%%

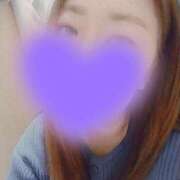 ヒメ日記 2026/02/13 12:20 投稿 浜崎妃葉莉 五十路マダムエクスプレス船橋店(カサブランカグループ)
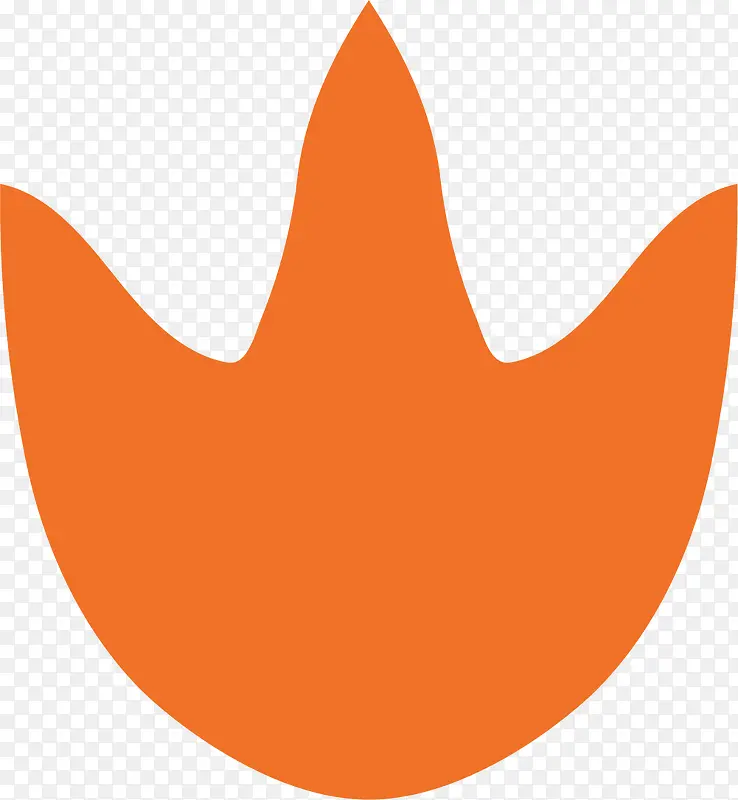 ��ɫ��ӡ-������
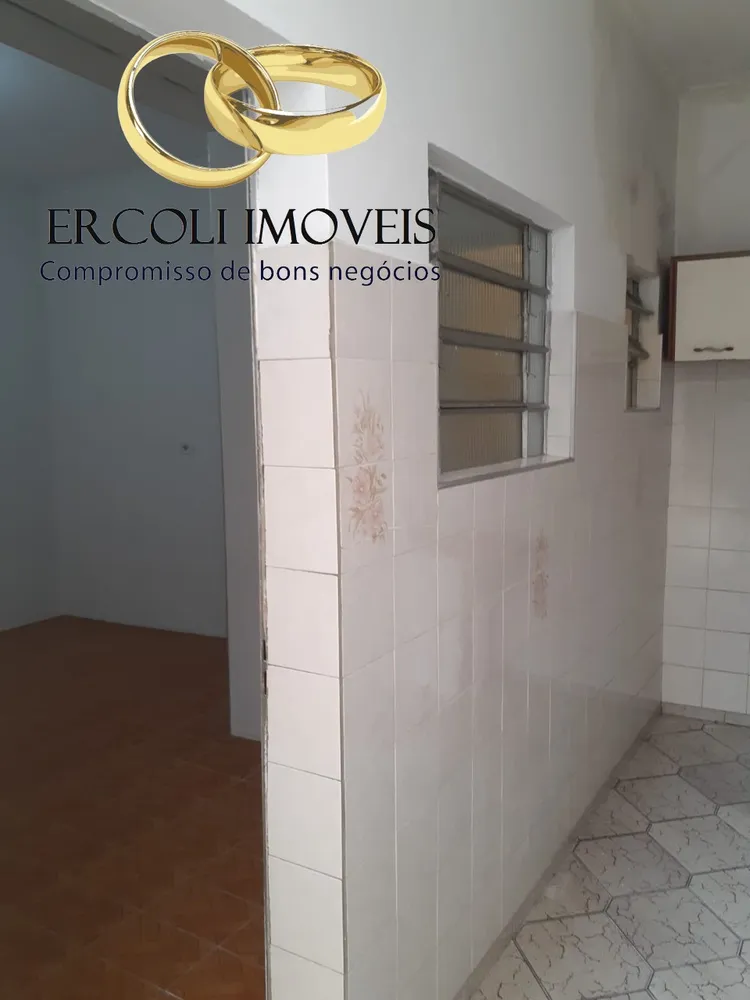 Casa, 3 quartos, 180 m² - Foto 9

%%

## ASSIGNMENT
Give the data again exactly, without pictures.

## OUTPUT OF THE TASK
 ヒメ日記 2026/02/13 12:20 投稿 浜崎妃葉莉 五十路マダムエクスプレス船橋店(カサブランカグループ)
 ��ɫ��ӡ-������
 Casa, 3 quartos, 180 m² - Foto 9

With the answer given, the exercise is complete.